How to create tall datastore from multiple data parts?

2 views (last 30 days)
Alexandre Kaspar on 14 Nov 2016
Answered: Rick Amos on 29 Nov 2016
I would like to compute PCA on a large amount of data and thus use the tall array feature of the newest versions of Matlab. My data consists of multiple blocks of features that I gather from big images, i.e. blocks Di of size (Ni,d).
Let's say I have M such blocks and I want to compute PCA for all of them, i.e. something like
[coeff, score, latent] = pca([D0; D1; D2; ... ; Dn]);
but the data array [D0; D1; D2; ... ; Dn] does not fit into memory (several GB of data). Every block Di fits in memory by itself, but not their concatenation.
What is the best way to generate a datastore from these multiple blocks of data?

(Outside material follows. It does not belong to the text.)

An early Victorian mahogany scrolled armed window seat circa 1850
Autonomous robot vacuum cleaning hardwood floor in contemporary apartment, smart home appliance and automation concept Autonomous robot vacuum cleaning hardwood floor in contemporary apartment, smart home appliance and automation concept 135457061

Note: I could compute pcacov using the eigen decomposition manually since the computation of the covariance matrix can be done using the sum of the outer products, which can be easily computed whatever the size of the data matrix, but I read PCA is more stable.

Rick Amos on 29 Nov 2016
A datastore can be created from a collection of folders and so the easiest way to achieve this is to place each block of data into its own folder using tall/write. The following code does both this as well as creating the datastore:
baseFolder = fullfile(pwd, 'MyFolder');
for ii = 1 : numBlocks
block = calculateBlock(ii);
subfolder = fullfile(baseFolder, num2str(ii, '%05i'));
write(subfolder, tall(block));
end
wildcardPattern = fullfile(baseFolder, '*');
ds = datastore(wildcardPattern);